Since its rejection, Stanford has “likely learned a lot about what our expectations are,” including “carrying their share of the responsibility for providing more affordable housing in our community,” Ellenberg said. “I imagine it will be a productive reengagement.” Levin said he hopes so, and recognizes that the university must still “build a relationship with Santa Clara county that is productive and beneficial.”
This year’s freshman class is the first to be admitted since the U.S. Supreme Court outlawed affirmative action in college admissions in 2023, making it illegal for all but military schools to consider race when accepting students.
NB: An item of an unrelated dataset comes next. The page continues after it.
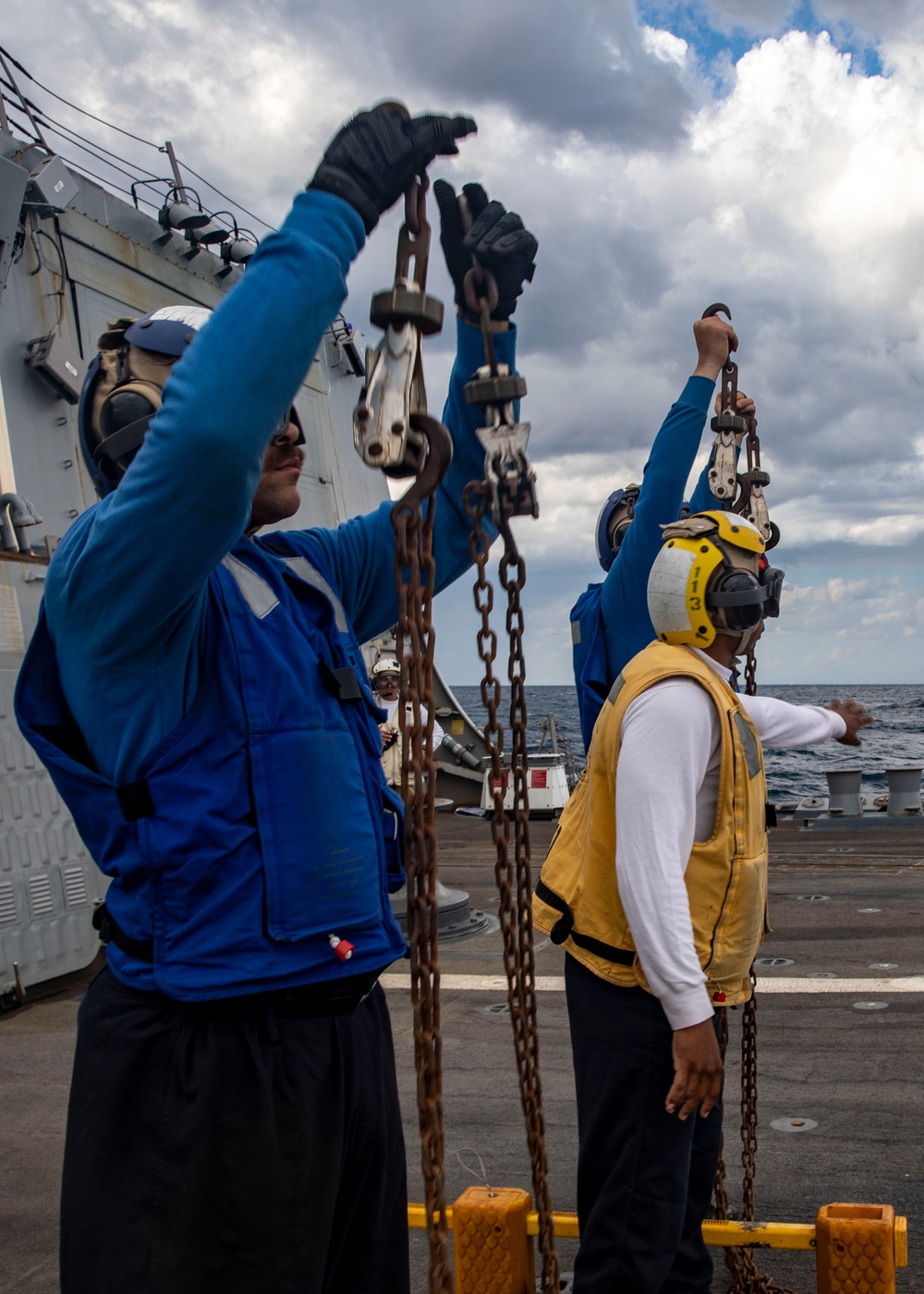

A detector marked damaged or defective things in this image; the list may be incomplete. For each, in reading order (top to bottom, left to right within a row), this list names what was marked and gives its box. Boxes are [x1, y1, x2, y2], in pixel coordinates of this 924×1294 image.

rusty chain [463, 489, 559, 1294]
It’s been outlawed for California’s public schools since 1996, when voters approved Proposition 209. But the state’s private schools are now barred, too.
Last fall, Stanford’s freshman class consisted of 27% underrepresented minorities: Latino (17%), Black (9%) and Native (1%) students.
What about this year? Harvard, for example, just saw Black freshman representation drop to 14% from 18%.
“Some schools have made announcements. We have not,” said Levin, adding that “this is a new world where race can’t be part of admission. So we’ve been thinking about strategies to try to expand the applicant pool.” He did not elaborate.
Nor would he comment on “legacy admissions” — the boost given to relatives of alumni and donors. Last fall, 13.6% of undergraduates admitted to Stanford received legacy consideration, or 295 students.
Studies show that wealthier students benefit most from such consideration, and efforts to outlaw the practice have accelerated since the end of affirmative action.
Now, Gov. Gavin Newsom is considering whether to sign AB1780, which would outlaw legacy and donor admissions in California next year. Levin declined to opine on the bill and said, “If it passes, we’ll say what we think.”